Error while redeploying model from a notebook
I am trying to build an adjusting model in Dataiku. I want to leverage the APIs to do the same.
I already have a model deployed in the flow. After each data refresh, I want to check the model's performance, and if it is below a threshold, I want to retrain the model. Below is the code I am using
if trained_model_MAPE > ERROR_THRESHOLD:
# Wait for the ML task to be ready
mltask.wait_guess_complete()
# Obtain settings, enable GBT, and save settings
settings = mltask.get_settings()
settings.set_algorithm_enabled("LEASTSQUARE_REGRESSION", True)
# Iterate over all features in the dataset and set their use/rejection
# settings.foreach_feature(handle_feature)
features_to_reject = []
def handle_feature(feature_name, feature_params):
if feature_name not in current_features and feature_params["role"] == 'INPUT':
features_to_reject.append(feature_name)
return feature_params
settings.foreach_feature(handle_feature)
for feature_name in current_features:
settings.use_feature(feature_name)
for feature_name in features_to_reject:
settings.reject_feature(feature_name)
settings.save()
mltask.start_train()
mltask.wait_train_complete()
# Get the identifiers of the trained models
ids = mltask.get_trained_models_ids()
mape_list = []
for id in ids:
details = mltask.get_trained_model_details(id)
algorithm = details.get_modeling_settings()["algorithm"]
mape = details.get_performance_metrics()["mape"]
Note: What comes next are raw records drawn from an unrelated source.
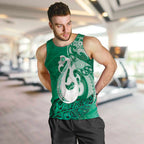 New Zealand Matariki Men Tank Top Maori Manaia Galaxy Silver Fern Green Color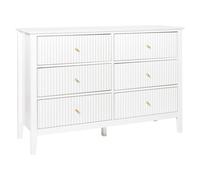 Beliani Minimalist 6 Drawer Chest Assisi White
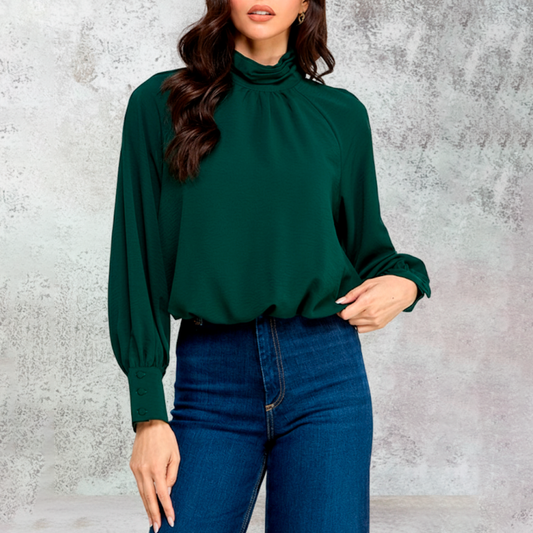 Blusa verde esmeralda cuello fruncido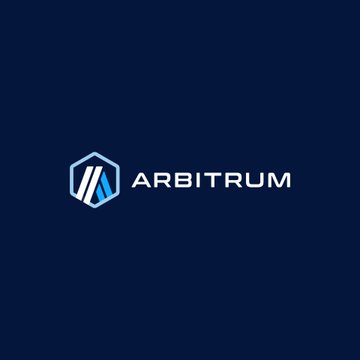 The image displays the Arbitrum logo—a hexagonal shield icon alongside the word "ARBITRUM"—centered on a dark navy blue background, visually representing the brand associated with the reported $6.19M income and 478M transactions in H1 2026.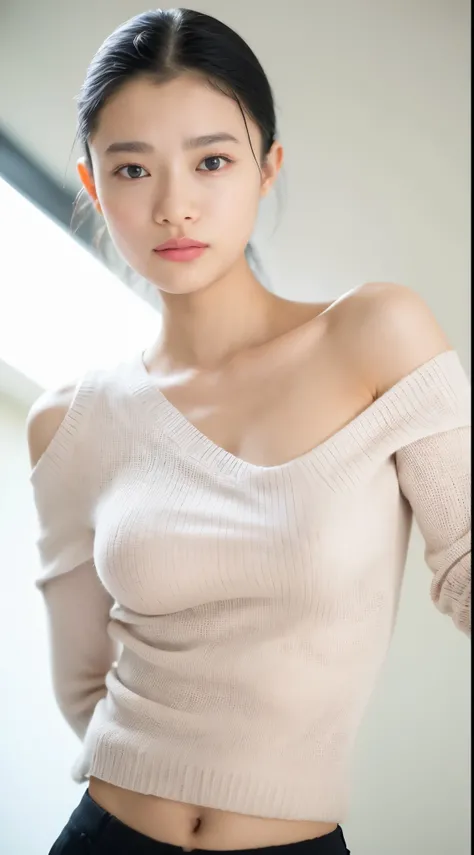 ((highest quality, 8k, masterpiece: 1.3)), sharp: 1.2, perfect body beauty: 1.4, slim abs: 1.2, ((nude、big breasts: 1.2)), (((ultra-thin ribbed sweater:1.3, ultra-thin off-shoulder sweater))), Lower body naked:1.2, bare shoulders, (((bare navel、Lower breas...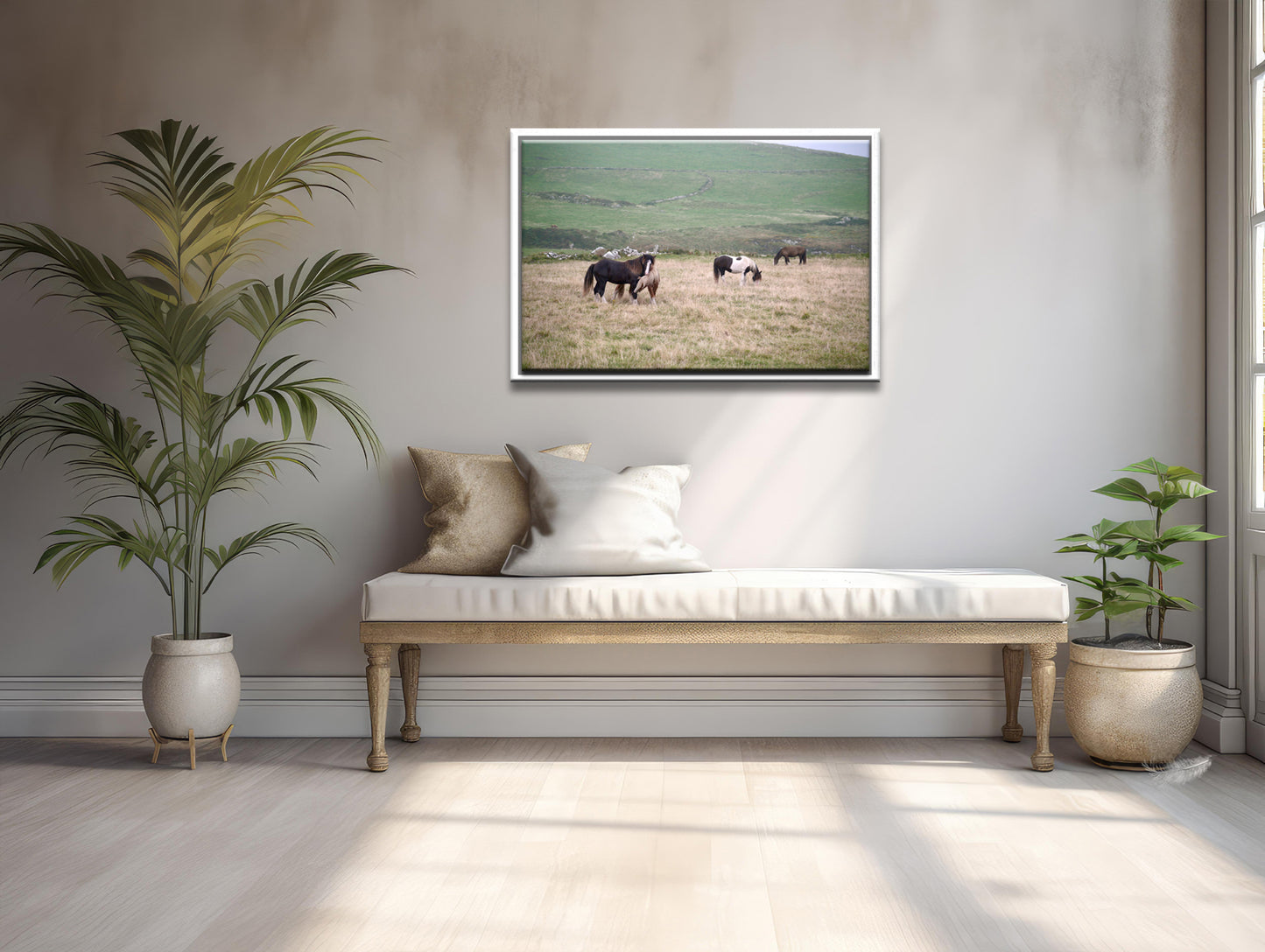 A field of wild, playful and grazing horses interacting in the fields of Ireland. Framed canvas wall art by Kristen Olivares.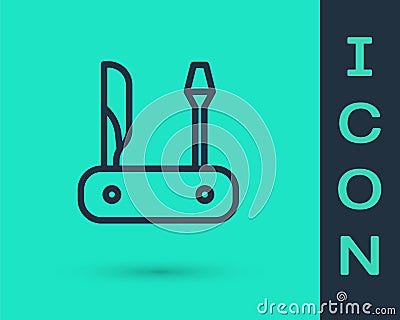 Black line Swiss army knife icon isolated on green background. Multi-tool, multipurpose penknife. Multifunctional tool Vector Illustration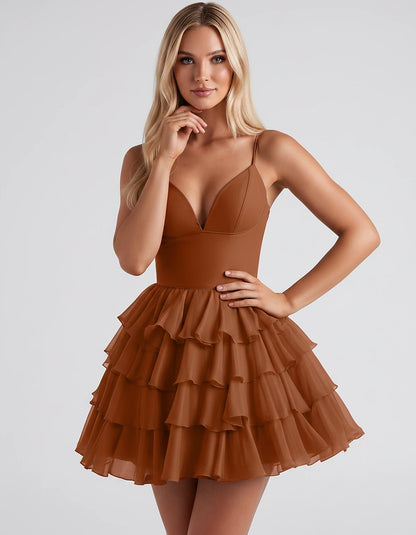 Chiffon Spaghetti Strap Deep V Neck Tiered Ruffle Mini Dress for Homecoming, Graduation, Cocktail, Party, Evening and Summer 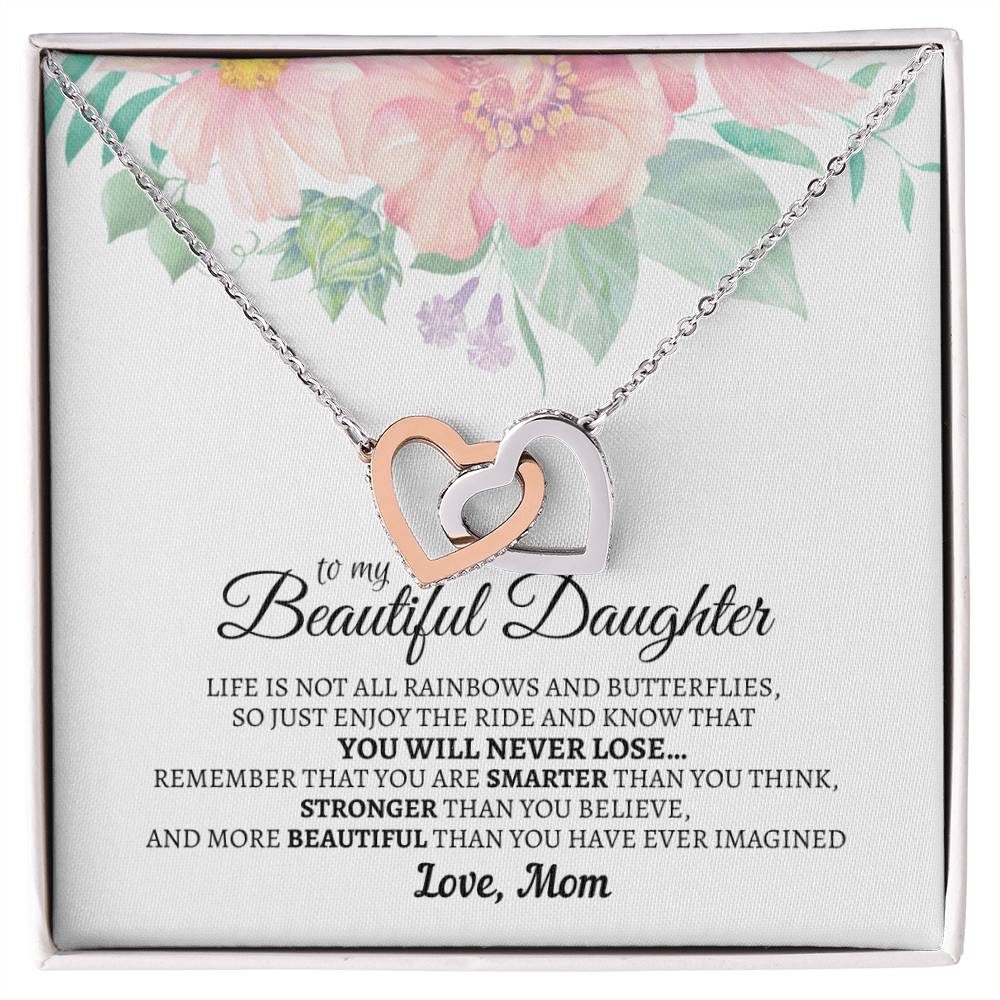 To My Beautiful Daughter - Luxurious Interlocking Hearts Cube - So91 Interlocking Hearts Necklace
print(f"Algorithm={algorithm} MAPE={mape}")
mape_list.append(mape)
#Select the best model
best_model_index = pd.Series(mape_list).idxmin()
# Deploy the best model
model_to_deploy = ids[best_model_index]
I have the following questions
1) How do I use a different dataset as the test data (Explicit extract from two dataset policy in design tab of lab) ? Currently, I am setting up the mltask as given below.
I want to use MasterData as my training data and another dataset, "UpcomingData", as my test data.
mltask = p.create_prediction_ml_task(
input_dataset="MasterData",
target_variable="DV",
ml_backend_type='PY_MEMORY', # ML backend to use
guess_policy='DEFAULT' # Template to use for setting default parameters
)
2) I want to use just two algorithms, GBT_REGRESSION and LEASTSQUARE_REGRESSION. Currently, there are some default algorithms as well. How do I restrict the use of algorithms?
3) I am getting the following error while redeploying the model in the flow. Why am I getting this error? I want to replace the model I built previously before the data refresh with a new model. Is it possible in Dataiku?
ret = mltask.redeploy_to_flow(model_to_deploy,saved_model_id="EXISTING_MODEL_ID")
DataikuException: com.dataiku.dip.exceptions.APIIllegalArgumentException: Saved model is not built by a recipe of this project
Operating system used: Windows
Answers
-
- You would use set_split_explicit on the mltask settings' split params obtained via get_split_params
- You could call disable_all_algorithms before enabling the ones you want.
- This depends a bit on the specifics of your project and may need some of your' project's configuration to troubleshoot. I suggest getting in touch with Dataiku's customer support.
-
@AdrienL
Thanks for the reply.
Can you elaborate on the first?
I'm still not able to use two different datasets, one as a train and one as a test. I tried as given below.settings.get_split_params().set_split_explicit(test_dataset_name="UpcomingData_Toronto")
it is giving an error below
TypeError: set_split_explicit() missing 2 required positional arguments: 'train_selection' and 'test_selection'